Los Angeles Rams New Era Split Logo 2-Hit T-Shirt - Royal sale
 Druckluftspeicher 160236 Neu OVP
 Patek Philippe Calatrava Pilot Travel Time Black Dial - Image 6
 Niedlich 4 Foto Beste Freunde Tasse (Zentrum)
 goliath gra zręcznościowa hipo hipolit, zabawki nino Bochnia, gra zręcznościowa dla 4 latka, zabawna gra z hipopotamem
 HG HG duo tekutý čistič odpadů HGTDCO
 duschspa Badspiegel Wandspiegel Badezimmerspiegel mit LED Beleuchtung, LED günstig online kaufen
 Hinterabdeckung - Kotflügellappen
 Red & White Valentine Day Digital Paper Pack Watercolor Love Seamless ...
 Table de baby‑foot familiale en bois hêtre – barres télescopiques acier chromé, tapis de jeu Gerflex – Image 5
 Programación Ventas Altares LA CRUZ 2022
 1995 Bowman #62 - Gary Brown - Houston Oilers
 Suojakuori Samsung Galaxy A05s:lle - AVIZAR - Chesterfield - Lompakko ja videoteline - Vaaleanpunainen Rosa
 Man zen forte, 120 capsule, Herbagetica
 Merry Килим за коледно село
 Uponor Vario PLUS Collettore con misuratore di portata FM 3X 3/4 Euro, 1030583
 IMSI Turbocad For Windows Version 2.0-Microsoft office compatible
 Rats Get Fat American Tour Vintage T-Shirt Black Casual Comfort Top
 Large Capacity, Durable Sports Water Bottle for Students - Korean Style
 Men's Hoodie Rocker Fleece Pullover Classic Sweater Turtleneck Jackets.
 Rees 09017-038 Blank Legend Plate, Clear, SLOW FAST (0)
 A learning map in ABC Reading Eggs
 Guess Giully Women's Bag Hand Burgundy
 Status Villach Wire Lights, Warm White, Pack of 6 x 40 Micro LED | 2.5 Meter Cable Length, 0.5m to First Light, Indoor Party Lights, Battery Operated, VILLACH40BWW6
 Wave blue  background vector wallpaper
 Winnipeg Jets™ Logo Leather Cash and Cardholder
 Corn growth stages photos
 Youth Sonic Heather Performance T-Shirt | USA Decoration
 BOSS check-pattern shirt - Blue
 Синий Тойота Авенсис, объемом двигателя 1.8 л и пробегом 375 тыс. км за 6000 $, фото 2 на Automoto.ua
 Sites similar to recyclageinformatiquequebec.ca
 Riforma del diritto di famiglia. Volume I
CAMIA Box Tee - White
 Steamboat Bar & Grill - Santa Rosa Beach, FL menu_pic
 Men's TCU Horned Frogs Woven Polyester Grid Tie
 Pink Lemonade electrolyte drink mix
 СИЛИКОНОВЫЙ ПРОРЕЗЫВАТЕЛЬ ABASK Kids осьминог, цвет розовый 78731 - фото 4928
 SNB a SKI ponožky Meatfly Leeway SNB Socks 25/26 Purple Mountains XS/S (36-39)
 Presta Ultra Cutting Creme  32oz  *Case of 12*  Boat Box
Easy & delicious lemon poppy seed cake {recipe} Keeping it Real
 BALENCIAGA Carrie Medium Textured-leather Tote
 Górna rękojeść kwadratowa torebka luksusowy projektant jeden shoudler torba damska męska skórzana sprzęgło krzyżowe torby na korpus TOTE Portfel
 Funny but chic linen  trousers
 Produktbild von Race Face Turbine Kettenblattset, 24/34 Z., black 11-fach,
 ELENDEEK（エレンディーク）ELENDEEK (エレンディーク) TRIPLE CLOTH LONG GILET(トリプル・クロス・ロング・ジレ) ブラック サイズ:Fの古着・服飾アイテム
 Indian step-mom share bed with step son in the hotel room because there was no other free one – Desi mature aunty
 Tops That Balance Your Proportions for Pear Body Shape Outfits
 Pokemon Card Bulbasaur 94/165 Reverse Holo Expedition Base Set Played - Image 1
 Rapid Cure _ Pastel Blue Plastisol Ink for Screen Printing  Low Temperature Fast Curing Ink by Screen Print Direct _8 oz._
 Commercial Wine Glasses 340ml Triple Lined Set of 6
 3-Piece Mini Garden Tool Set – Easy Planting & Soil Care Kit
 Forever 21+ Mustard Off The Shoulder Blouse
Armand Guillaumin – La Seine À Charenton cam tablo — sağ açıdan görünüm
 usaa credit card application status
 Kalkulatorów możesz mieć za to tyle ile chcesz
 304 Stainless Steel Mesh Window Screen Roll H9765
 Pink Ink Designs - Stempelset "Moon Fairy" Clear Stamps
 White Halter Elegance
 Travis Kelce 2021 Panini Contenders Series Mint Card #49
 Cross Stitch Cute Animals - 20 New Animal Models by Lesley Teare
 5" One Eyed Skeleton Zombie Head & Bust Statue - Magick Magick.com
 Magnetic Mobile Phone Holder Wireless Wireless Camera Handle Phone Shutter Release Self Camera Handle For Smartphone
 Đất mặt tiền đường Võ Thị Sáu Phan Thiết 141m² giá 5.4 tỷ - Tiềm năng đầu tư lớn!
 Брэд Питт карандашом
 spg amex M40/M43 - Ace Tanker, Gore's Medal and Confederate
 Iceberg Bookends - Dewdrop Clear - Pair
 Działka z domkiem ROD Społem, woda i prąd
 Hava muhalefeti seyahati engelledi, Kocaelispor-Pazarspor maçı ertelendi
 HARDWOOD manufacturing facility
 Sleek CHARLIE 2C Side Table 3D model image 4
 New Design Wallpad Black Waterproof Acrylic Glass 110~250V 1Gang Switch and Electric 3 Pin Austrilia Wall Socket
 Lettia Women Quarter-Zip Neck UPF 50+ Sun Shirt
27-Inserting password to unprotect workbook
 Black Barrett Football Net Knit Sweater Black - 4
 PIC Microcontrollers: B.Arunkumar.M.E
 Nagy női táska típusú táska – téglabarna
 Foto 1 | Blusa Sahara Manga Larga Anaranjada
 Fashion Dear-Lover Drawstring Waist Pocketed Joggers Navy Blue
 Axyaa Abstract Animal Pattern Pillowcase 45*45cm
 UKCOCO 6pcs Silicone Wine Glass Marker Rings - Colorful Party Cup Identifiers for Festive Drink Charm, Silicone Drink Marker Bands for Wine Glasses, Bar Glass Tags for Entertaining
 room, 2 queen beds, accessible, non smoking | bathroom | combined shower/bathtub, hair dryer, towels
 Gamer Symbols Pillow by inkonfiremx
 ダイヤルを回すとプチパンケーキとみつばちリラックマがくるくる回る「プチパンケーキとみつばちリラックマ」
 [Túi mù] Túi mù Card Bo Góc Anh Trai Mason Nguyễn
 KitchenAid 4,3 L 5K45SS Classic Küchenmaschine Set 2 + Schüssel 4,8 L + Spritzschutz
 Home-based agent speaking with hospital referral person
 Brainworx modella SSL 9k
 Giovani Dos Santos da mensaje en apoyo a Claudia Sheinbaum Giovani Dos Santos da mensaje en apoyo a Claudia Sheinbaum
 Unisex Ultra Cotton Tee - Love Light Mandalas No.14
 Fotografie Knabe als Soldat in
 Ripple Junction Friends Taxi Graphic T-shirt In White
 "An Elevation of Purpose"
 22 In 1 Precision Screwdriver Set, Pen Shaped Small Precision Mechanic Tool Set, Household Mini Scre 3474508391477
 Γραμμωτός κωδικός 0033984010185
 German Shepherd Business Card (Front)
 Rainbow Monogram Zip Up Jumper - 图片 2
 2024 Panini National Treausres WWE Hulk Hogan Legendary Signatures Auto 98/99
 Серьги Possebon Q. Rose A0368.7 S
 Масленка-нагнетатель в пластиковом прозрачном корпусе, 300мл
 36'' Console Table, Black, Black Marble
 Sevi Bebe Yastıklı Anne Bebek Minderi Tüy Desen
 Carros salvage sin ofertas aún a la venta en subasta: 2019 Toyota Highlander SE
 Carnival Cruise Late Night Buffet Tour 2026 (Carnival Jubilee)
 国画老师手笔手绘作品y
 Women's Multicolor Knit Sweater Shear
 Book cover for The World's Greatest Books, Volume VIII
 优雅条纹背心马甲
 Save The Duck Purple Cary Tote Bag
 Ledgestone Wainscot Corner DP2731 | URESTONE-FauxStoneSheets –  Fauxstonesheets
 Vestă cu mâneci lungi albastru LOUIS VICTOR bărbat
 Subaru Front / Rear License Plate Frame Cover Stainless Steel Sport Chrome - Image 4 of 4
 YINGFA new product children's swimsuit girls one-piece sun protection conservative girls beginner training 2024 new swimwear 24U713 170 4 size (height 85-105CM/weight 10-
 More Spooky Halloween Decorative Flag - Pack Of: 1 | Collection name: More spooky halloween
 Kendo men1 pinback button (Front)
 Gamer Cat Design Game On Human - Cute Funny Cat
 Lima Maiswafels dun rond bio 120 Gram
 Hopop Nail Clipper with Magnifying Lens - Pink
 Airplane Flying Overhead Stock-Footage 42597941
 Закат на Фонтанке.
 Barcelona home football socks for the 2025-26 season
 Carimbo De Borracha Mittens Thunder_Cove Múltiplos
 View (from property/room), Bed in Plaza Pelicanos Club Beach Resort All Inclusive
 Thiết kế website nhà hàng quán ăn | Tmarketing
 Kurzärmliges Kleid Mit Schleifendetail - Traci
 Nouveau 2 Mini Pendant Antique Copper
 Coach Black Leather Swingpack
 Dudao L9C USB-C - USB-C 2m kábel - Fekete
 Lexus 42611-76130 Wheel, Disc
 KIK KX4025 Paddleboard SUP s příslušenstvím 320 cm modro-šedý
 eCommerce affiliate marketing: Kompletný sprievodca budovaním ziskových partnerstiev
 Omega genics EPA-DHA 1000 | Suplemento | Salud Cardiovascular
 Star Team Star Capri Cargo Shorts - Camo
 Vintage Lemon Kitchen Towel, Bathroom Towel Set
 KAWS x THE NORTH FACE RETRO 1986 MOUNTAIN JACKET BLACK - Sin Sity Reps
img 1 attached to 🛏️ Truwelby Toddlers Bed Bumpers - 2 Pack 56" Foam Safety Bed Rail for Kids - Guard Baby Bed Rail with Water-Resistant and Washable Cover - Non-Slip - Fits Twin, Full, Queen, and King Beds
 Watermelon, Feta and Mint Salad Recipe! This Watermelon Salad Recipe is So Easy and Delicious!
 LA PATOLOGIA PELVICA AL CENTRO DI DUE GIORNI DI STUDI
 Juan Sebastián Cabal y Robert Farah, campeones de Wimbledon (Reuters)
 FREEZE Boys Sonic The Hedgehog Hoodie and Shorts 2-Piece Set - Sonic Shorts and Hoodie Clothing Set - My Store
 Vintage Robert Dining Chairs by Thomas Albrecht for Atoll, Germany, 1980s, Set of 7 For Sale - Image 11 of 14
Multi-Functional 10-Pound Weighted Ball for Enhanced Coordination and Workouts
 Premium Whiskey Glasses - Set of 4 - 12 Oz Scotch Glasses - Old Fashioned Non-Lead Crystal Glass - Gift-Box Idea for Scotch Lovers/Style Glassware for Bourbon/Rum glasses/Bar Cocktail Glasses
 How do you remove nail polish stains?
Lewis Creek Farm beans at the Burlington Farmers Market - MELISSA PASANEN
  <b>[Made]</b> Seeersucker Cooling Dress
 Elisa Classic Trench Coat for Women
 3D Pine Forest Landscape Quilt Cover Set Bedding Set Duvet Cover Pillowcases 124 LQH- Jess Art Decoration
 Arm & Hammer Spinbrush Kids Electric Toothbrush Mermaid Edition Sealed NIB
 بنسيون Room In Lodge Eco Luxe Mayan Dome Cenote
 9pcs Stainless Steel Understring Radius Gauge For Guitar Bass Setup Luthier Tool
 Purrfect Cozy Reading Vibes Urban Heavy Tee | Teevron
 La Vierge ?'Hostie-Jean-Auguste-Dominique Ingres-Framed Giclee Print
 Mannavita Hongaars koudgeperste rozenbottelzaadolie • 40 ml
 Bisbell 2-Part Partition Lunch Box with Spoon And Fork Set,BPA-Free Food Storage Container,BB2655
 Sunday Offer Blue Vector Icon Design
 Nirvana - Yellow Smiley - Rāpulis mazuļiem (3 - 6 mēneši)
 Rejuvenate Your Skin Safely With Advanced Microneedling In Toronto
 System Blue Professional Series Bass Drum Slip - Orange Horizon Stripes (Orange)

--------------------------------------------------

▶ _REQUIRED ACTION_
Retype the entries exactly from the first line, stopping after the line with "background vector wallpaper".

▶ _REPLY TO THE TASK_
Los Angeles Rams New Era Split Logo 2-Hit T-Shirt - Royal sale
 Druckluftspeicher 160236 Neu OVP
 Patek Philippe Calatrava Pilot Travel Time Black Dial - Image 6
 Niedlich 4 Foto Beste Freunde Tasse (Zentrum)
 goliath gra zręcznościowa hipo hipolit, zabawki nino Bochnia, gra zręcznościowa dla 4 latka, zabawna gra z hipopotamem
 HG HG duo tekutý čistič odpadů HGTDCO
 duschspa Badspiegel Wandspiegel Badezimmerspiegel mit LED Beleuchtung, LED günstig online kaufen
 Hinterabdeckung - Kotflügellappen
 Red & White Valentine Day Digital Paper Pack Watercolor Love Seamless ...
 Table de baby‑foot familiale en bois hêtre – barres télescopiques acier chromé, tapis de jeu Gerflex – Image 5
 Programación Ventas Altares LA CRUZ 2022
 1995 Bowman #62 - Gary Brown - Houston Oilers
 Suojakuori Samsung Galaxy A05s:lle - AVIZAR - Chesterfield - Lompakko ja videoteline - Vaaleanpunainen Rosa
 Man zen forte, 120 capsule, Herbagetica
 Merry Килим за коледно село
 Uponor Vario PLUS Collettore con misuratore di portata FM 3X 3/4 Euro, 1030583
 IMSI Turbocad For Windows Version 2.0-Microsoft office compatible
 Rats Get Fat American Tour Vintage T-Shirt Black Casual Comfort Top
 Large Capacity, Durable Sports Water Bottle for Students - Korean Style
 Men's Hoodie Rocker Fleece Pullover Classic Sweater Turtleneck Jackets.
 Rees 09017-038 Blank Legend Plate, Clear, SLOW FAST (0)
 A learning map in ABC Reading Eggs
 Guess Giully Women's Bag Hand Burgundy
 Status Villach Wire Lights, Warm White, Pack of 6 x 40 Micro LED | 2.5 Meter Cable Length, 0.5m to First Light, Indoor Party Lights, Battery Operated, VILLACH40BWW6
 Wave blue  background vector wallpaper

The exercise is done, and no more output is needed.